* **TASK DETAILS**: All entries should be output exactly as they stand.

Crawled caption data
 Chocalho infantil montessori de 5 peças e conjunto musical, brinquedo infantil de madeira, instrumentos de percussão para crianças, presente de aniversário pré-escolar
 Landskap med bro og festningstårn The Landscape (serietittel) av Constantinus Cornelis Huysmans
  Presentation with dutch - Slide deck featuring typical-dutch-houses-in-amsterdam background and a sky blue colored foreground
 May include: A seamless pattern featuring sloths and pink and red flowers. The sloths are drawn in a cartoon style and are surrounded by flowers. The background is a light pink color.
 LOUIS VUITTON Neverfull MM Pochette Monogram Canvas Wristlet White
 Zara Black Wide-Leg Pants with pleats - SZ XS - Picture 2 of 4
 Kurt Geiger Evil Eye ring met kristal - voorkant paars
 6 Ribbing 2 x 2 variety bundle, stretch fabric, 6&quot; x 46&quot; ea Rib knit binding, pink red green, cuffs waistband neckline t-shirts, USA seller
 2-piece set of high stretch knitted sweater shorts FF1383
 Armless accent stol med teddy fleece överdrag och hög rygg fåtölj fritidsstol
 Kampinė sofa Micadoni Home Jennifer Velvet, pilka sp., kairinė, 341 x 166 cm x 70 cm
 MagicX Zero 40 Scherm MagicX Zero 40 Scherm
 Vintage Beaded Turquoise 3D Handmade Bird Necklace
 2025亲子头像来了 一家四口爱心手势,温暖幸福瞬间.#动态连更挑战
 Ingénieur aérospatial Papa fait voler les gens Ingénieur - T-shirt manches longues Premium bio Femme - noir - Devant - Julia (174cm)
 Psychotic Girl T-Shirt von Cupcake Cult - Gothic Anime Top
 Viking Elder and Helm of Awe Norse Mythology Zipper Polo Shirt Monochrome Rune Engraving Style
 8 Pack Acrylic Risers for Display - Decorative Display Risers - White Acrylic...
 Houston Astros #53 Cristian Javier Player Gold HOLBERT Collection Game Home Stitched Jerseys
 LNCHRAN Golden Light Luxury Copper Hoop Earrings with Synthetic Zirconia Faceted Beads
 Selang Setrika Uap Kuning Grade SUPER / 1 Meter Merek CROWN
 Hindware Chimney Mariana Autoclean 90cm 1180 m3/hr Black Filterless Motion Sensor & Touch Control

* **SOLUTION FOR THIS TASK**:
 Chocalho infantil montessori de 5 peças e conjunto musical, brinquedo infantil de madeira, instrumentos de percussão para crianças, presente de aniversário pré-escolar
 Landskap med bro og festningstårn The Landscape (serietittel) av Constantinus Cornelis Huysmans
  Presentation with dutch - Slide deck featuring typical-dutch-houses-in-amsterdam background and a sky blue colored foreground
 May include: A seamless pattern featuring sloths and pink and red flowers. The sloths are drawn in a cartoon style and are surrounded by flowers. The background is a light pink color.
 LOUIS VUITTON Neverfull MM Pochette Monogram Canvas Wristlet White
 Zara Black Wide-Leg Pants with pleats - SZ XS - Picture 2 of 4
 Kurt Geiger Evil Eye ring met kristal - voorkant paars
 6 Ribbing 2 x 2 variety bundle, stretch fabric, 6&quot; x 46&quot; ea Rib knit binding, pink red green, cuffs waistband neckline t-shirts, USA seller
 2-piece set of high stretch knitted sweater shorts FF1383
 Armless accent stol med teddy fleece överdrag och hög rygg fåtölj fritidsstol
 Kampinė sofa Micadoni Home Jennifer Velvet, pilka sp., kairinė, 341 x 166 cm x 70 cm
 MagicX Zero 40 Scherm MagicX Zero 40 Scherm
 Vintage Beaded Turquoise 3D Handmade Bird Necklace
 2025亲子头像来了 一家四口爱心手势,温暖幸福瞬间.#动态连更挑战
 Ingénieur aérospatial Papa fait voler les gens Ingénieur - T-shirt manches longues Premium bio Femme - noir - Devant - Julia (174cm)
 Psychotic Girl T-Shirt von Cupcake Cult - Gothic Anime Top
 Viking Elder and Helm of Awe Norse Mythology Zipper Polo Shirt Monochrome Rune Engraving Style
 8 Pack Acrylic Risers for Display - Decorative Display Risers - White Acrylic...
 Houston Astros #53 Cristian Javier Player Gold HOLBERT Collection Game Home Stitched Jerseys
 LNCHRAN Golden Light Luxury Copper Hoop Earrings with Synthetic Zirconia Faceted Beads
 Selang Setrika Uap Kuning Grade SUPER / 1 Meter Merek CROWN
 Hindware Chimney Mariana Autoclean 90cm 1180 m3/hr Black Filterless Motion Sensor & Touch Control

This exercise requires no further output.